Todd Thomson, chief financial officer for Citigroup Inc., was more blunt in a letter to FASB expressing dismay over a preliminary decision to classify airline costs as extraordinary but not his own company's insurance losses.

"If claims payments caused by these events do not qualify as extraordinary, we fail to understand what other events possibly would," Thomson wrote.

Citigroup says it lost between $100 million and $200 million when the attack forced the closing of the New York Stock Exchange and some of its bank branches. Insurance claims and other expenses could total $500 million, the company says.

Those costs could pare Citicorp's earnings, which were expected to exceed analysts' expectations by 2 cents a share for the third quarter, by as much as 14 cents a share. Such losses are anathema to most firms in a corporate culture focused on delivering earnings that meet or beat analysts' expectations.

Most major companies spin their earnings announcements to emphasize positive figures over bottom line weakness. Many firms have embraced "pro forma" earnings, based on hypothetical circumstances.
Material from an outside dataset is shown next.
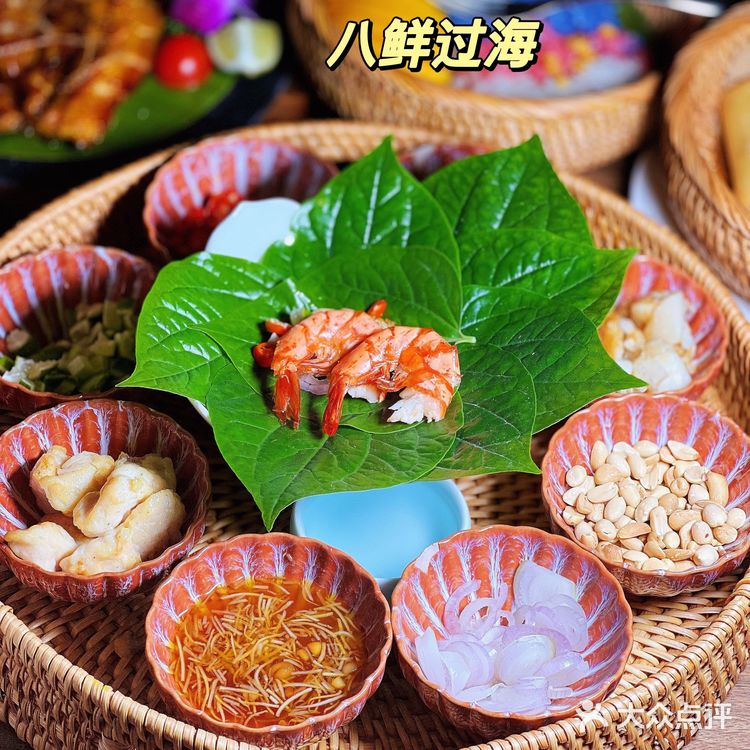 排队!排队!魔都超火的网红泰国菜餐厅开业啦!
Several have recently been caught manipulating figures, forcing them to restate earnings.

Regulators and accounting experts were concerned that if firms were able to classify expenses as extraordinary, they would use the line as an umbrella to cover all sorts of problems not directly related to the attacks.

Several accounting experts said they could not recall a single event that had been classified as "extraordinary" for a wide range of companies in the past, even disasters like hurricanes.

It's not clear yet how the FASB ruling will affect corporate reporting of financial performance.

Some experts are hopeful that companies will make extensive efforts, using footnotes and discussion and analysis by management, to clearly explain how they were impacted by the attacks.

"Every single company is going to make a good-faith effort to make sure people understand what happened," Lucas said.

Baruch College's Lilien has his doubts about such corporate candor and clarity. This earnings season, he said, will present a challenge to both investors and analysts to pick carefully through the numbers and information companies present and make carefully reasoned judgments about the firms' financial health.

Loads of companies will almost certainly try to dress up their performance with "pro forma" figures purporting to show how well they would've done had it not been for the attacks. But, in the long run, that may highlight the need for back-to-basics accounting clarity, said Robert Colson, editor-in-chief of The CPA Journal.

Such numbers could fuel "more focused demand and a more focused resolve to have there be some type of reconciliation to generally accepted accounting numbers," said Colson, of the New York State Society of Certified Public Accountants. "which, from my perspective, couldn't hurt anything."